Student Josie Wiens, for instance, picked the small nation of Moldova, nestled between Ukraine and Romania, for her project, saying that she was intrigued both by it being a small, out-of-the-way country but also by its role in the current war in Ukraine.
“It’s a country you don’t necessarily hear about and most people don’t know where it is,” said Wiens, standing in front of a bristol board presentation for the country, complete with a 3D relief map of the country made out of different colours of plasticine - something each of the presentations had.
“It’s more so in the news because of its Russian-influenced separatist region, Transnistria.”
Other students picked their spots for different reasons. Garron Fisher, for instance, selected Greece because of his interest in Greek mythology.
“Pretty much all of Greece is used for Mediterranean farming,” Fisher said.
“I knew a bit about it before, but I wanted to know more.”
Teacher Rogerio Areias said the project was part of the last cluster of lessons in the Grade 7 social studies class he has been teaching, covering human development, specifically in European countries. Instead of potentially boring or hard-to-grasp book learning, Areias decided that the kids should take a hands-on approach to learning the subject matter.
“I decided to do more project-based, rather than a standard textbook or tests.
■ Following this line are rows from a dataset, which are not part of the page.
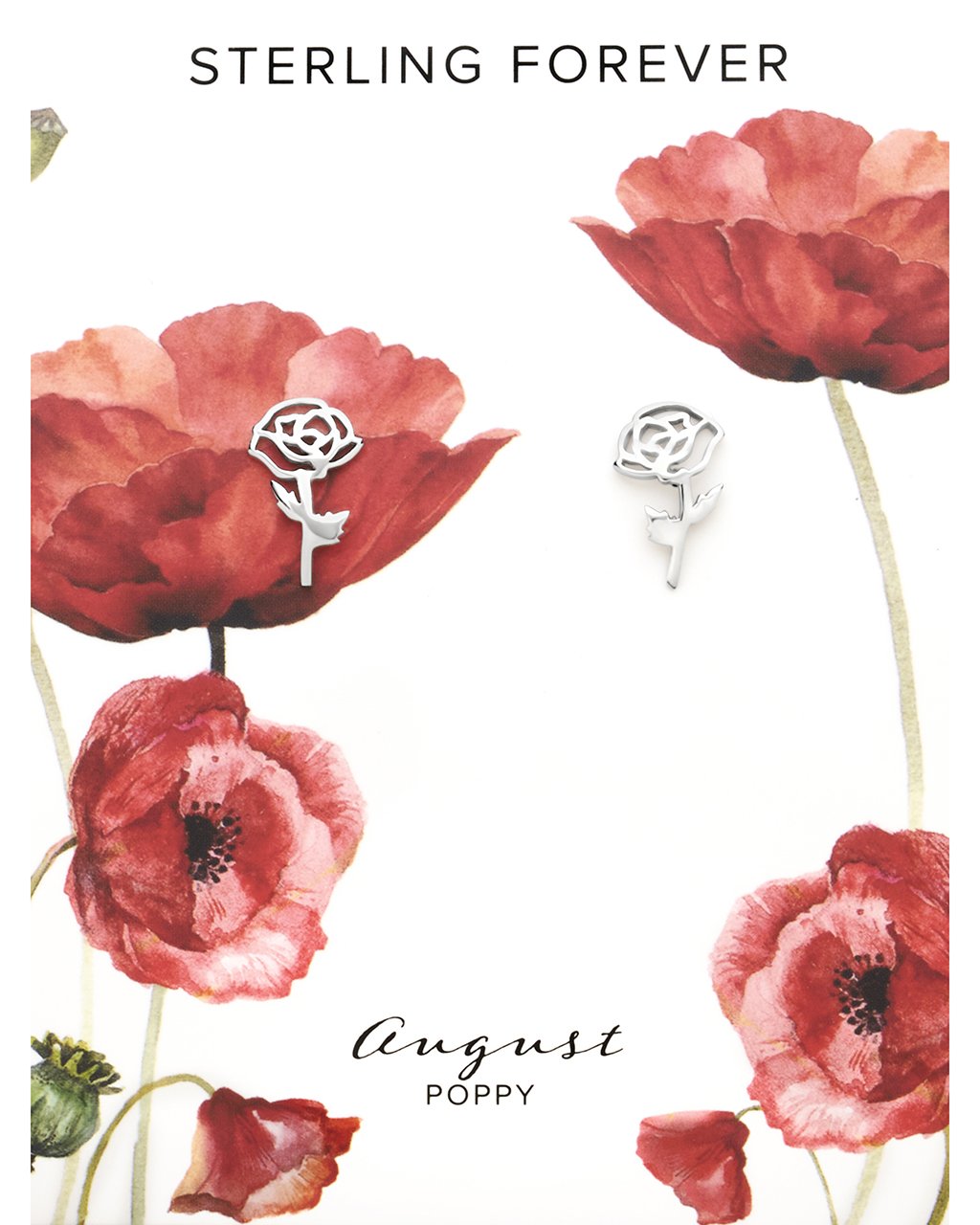 Sterling Silver Birth Flower Studs Earring Sterling Forever Silver August / Poppy 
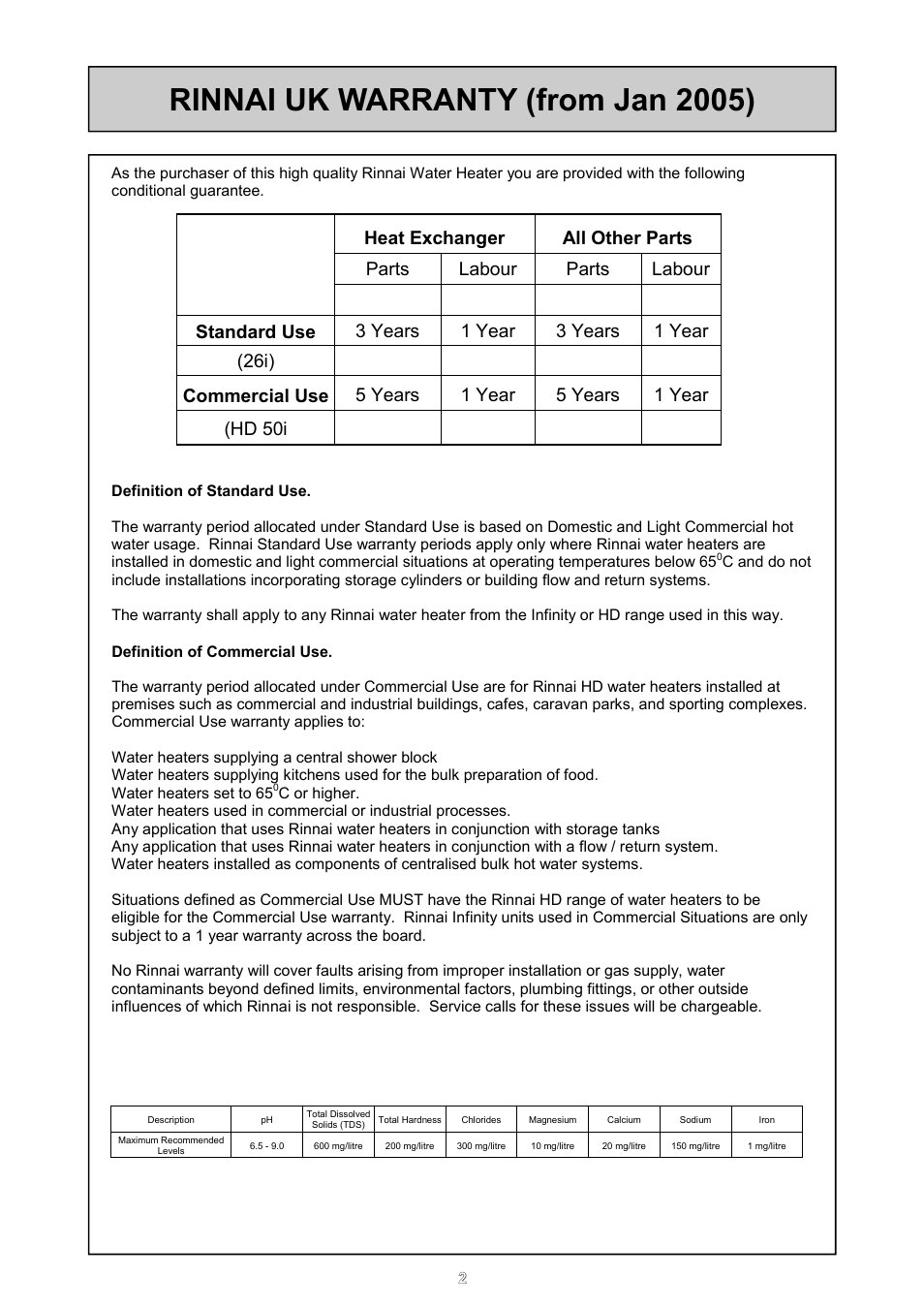 Rinnai uk warranty (from jan 2005) | Rinnai 26i User Manual | Page 2 / 40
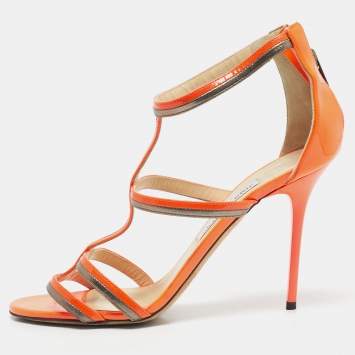 Pre Owned Jimmy Choo Neon Orange Thistle Sandals Size 39.5                      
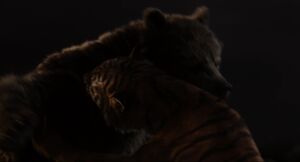 Shere Khan injuring Baloo.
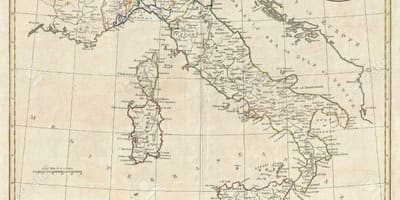 地図のイタリア古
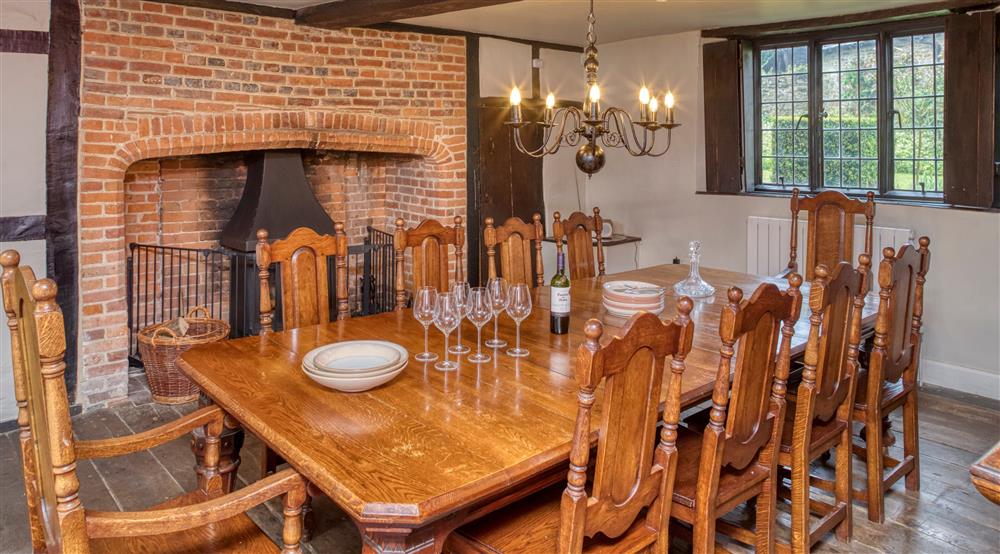 The dining room at Emley Farmhouse in Godalming, Surrey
I feel like it was more interactive this way, especially with the mapping project piece of it, with creating a topographic map rather than colouring in and labelling one,” said Areias.
“When doing a research-based project, I feel like the students get more out of it and they also learn what they want to learn, while still covering the outcomes.”
The teacher said that each student picked out their own country to present a project on and went into great detail with their work, telling deep details about their chosen land.
“We had the flags of all the European countries all around the room. They picked one and we started with a basic fact sheet, where they covered the basics - currency, population, languages, things like that. Then they went slowly more in depth where they looked at human development, the GDP of each country, years in education, human rights, things like that,” said Areias.
“You can see that from any type of unit that you do, once it's hands-on, the students are way more engaged.”